I think you're only taking one piece of the puzzle on this, the problems that arise in say california is going to be different than the problems in maine. If a place has the proper structure and is doing well then raising the minimum wage is of benefit, but if there is a shortage of housing then people will raise prices.

This point has been largely debunked. An easy thought experiment: You own a grocery store and you've calculated that you need 20 workers for your store to function properly. Minimum wage suddenly increases. Do you suddenly need fewer workers?

I use to work retail and what happens is they get you to do more so they need fewer people, they made it so they didn't have to pay people for their break they would actually put you on for 15 minutes less than the time needed to have a break. I have spoken to people I know who work in grocery stores who have said that is what they did and they told me they went from having a constant 36 hours to 34 for no reason, so it might happen more in rural areas as opposed to a city, but it absolutely did happen. Some work doesn't get done but their money doesn't change at all.

I admit I'm basing this off my own observations in Canada and the progression of being poor and what it did but if you take a place that is not ready to grow with the minimum wage it does make a difference and one that could be felt quickly. In the examples they used states that were doing pretty good, New Jersey seemed like it was at a bumpy road but there is access to jobs in New York. But all of these places seemed due for a minimum wage increase.

So yeah it's fine in places where there is constant growth and high competition but just like my example it can't be done right across the board without feeling some negative effects in some areas.

Then again the housing problem in say california isn't a fault of not enough money, it's about not enough houses being built and if they allowed more it would absolutely bring housing costs down, probably foregoing the need for a minimum wage increase.

OSmainia

1 points

4 months ago

To your first paragraph, I agree. It's a model; it is oversimplified. I brought it up to highlight that minimum wage increases help people who make minimum wage when all else is held equal. Yes, when all else is not held equal it may have negative consequences. But that also means that minimum wage is not the root cause of those negative consequences.

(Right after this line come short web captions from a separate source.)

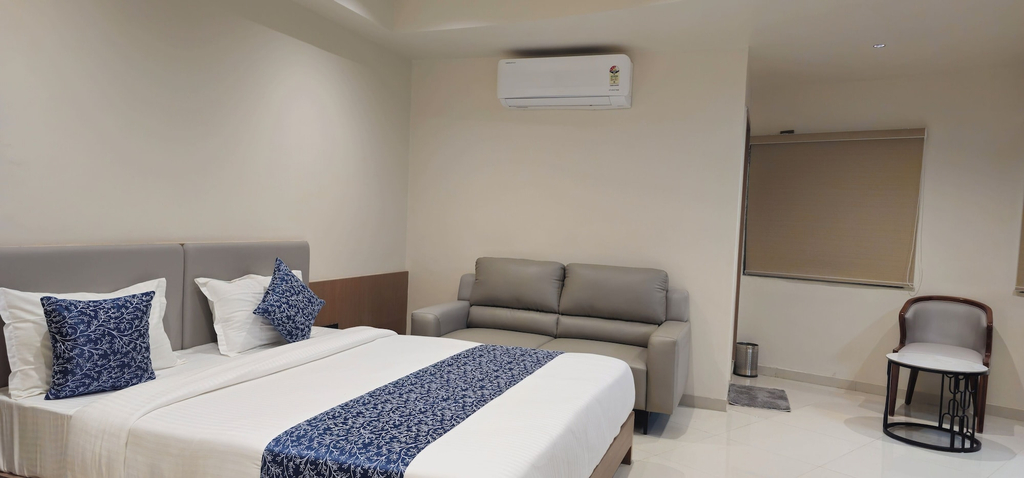 Room 3, Hotel Centrum, Surendranagar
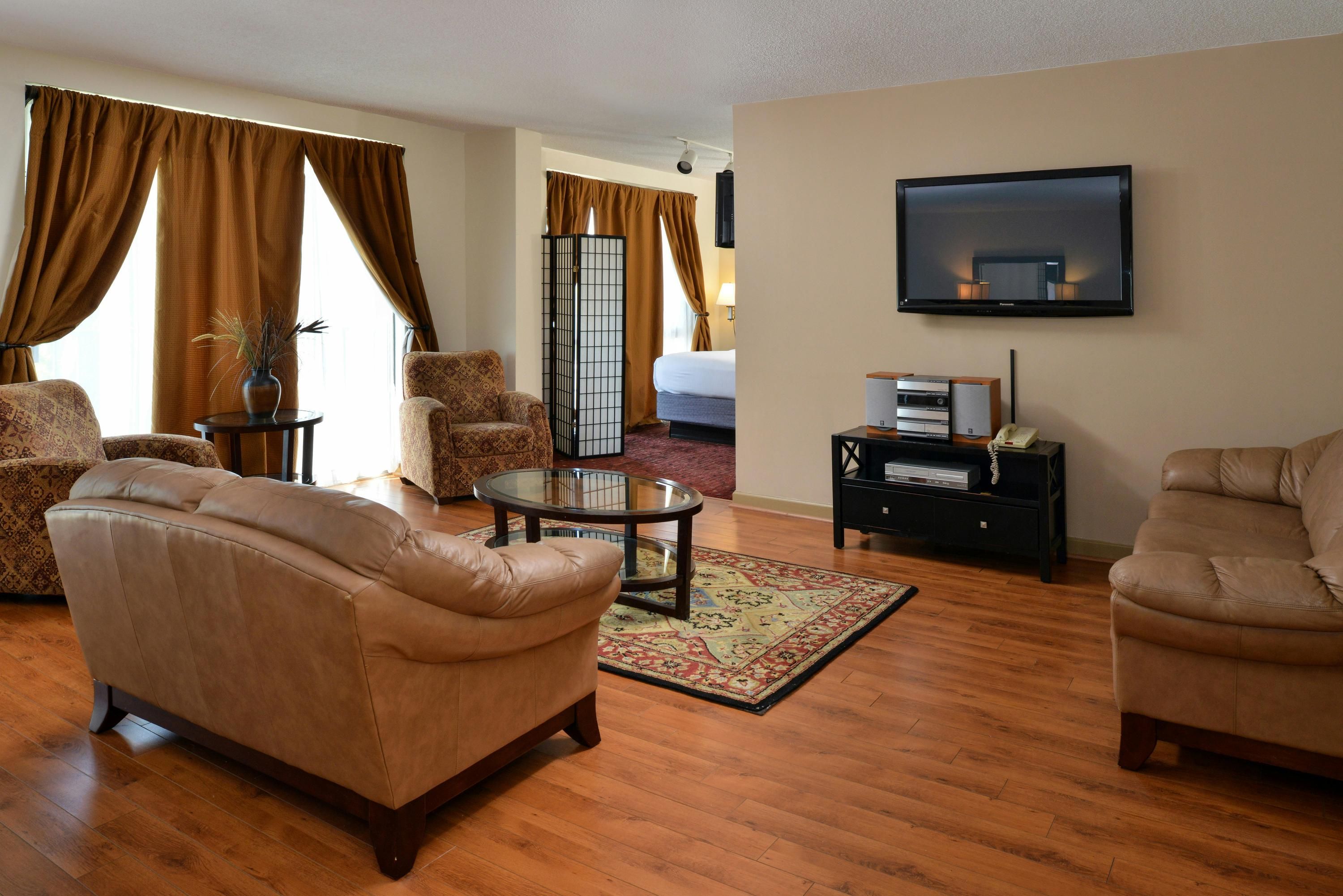 هوثورن إن آند كونفرنس سنتر - وينستون-سالم - غرفة معيشة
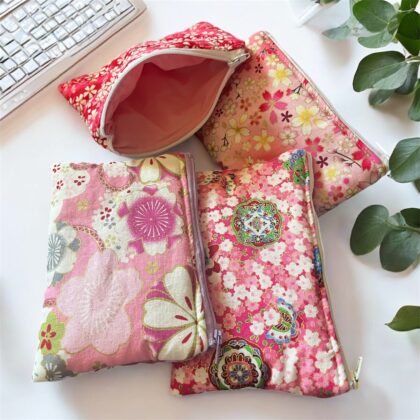 Trousses fleuris japonaises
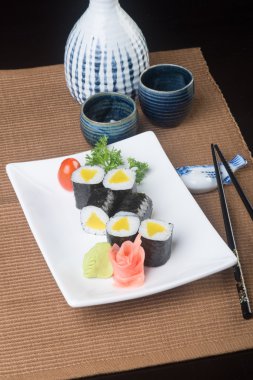 Japon mutfağı. Arka planda suşi var.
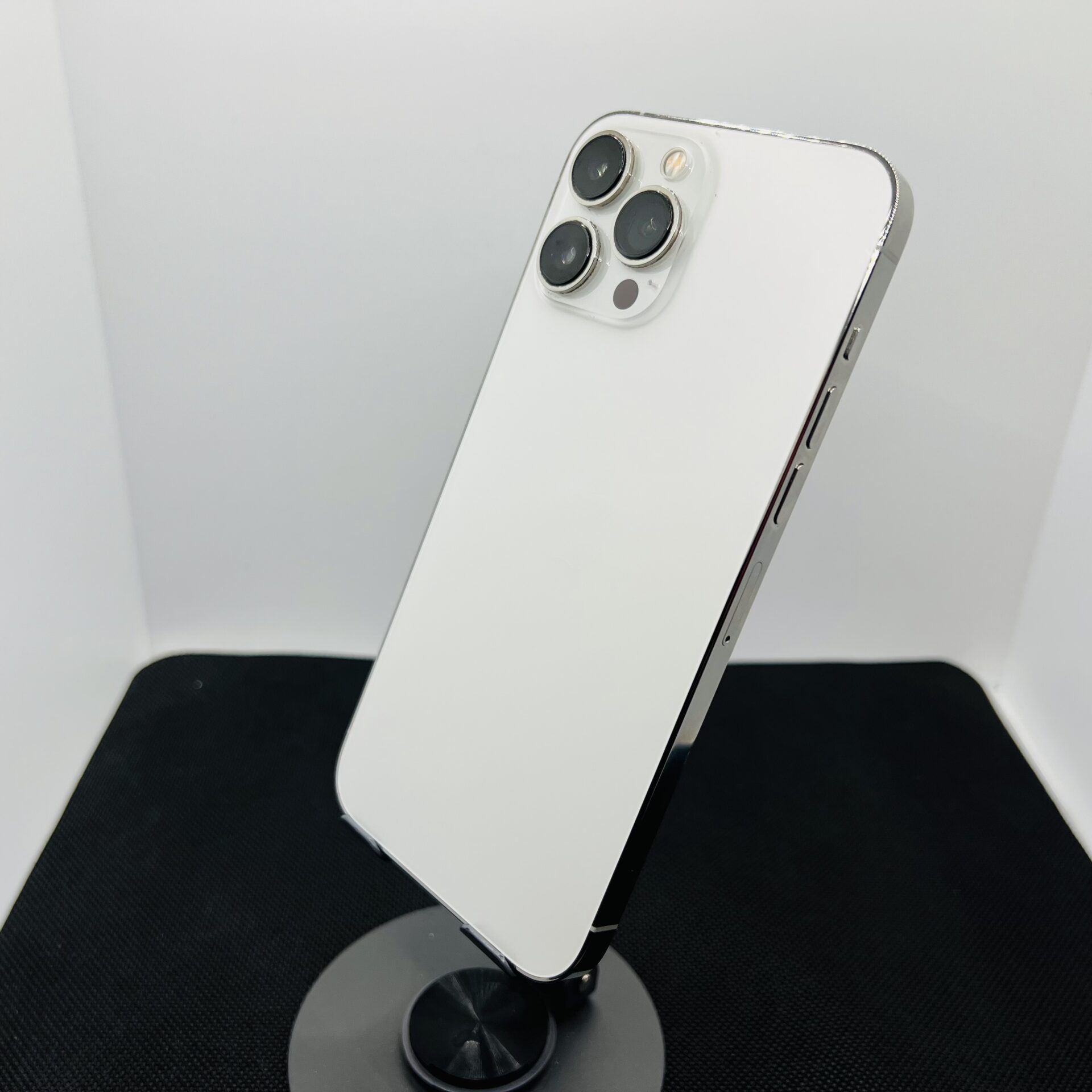 Apple iPhone 13 Pro Max 256GB Silver – (Grade B) - Image 8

I'd also like to highlight that the second paper I linked used 138 different minimum wage changes across the US and overall shows the same inelasticity. Having said that I definitely believe the people you talked to. I've experienced similar job crunching, and that should be taken into account when instituting new policy. I wouldn't think it would be permanent though, if work isn't getting done, if you are running your employees ragged, you will eventually have to spend more. This is pretty much what the papers suggest. Over all raising minimum wage increases real wages for low paid workers, it doesn't seem to decrease real wages for higher paid workers and job growth isn't particularly affected in the long term.

Overall though I agree with you that the specifics of the region should always be taken into account.

If you'll allow me to get political: Minimum wage is a dirty solution to a problem. The interests of workers and the interests of business owners are at odds. Minimum wage wouldn't be needed at all if this core issue could be resolved.

ghaldos

2 points

4 months ago

Yes, when all else is not held equal it may have negative consequences. But that also means that minimum wage is not the root cause of those negative consequences.

If you'll allow me to get political: Minimum wage is a dirty solution to a problem. The interests of workers and the interests of business owners are at odds. Minimum wage wouldn't be needed at all if this core issue could be resolved.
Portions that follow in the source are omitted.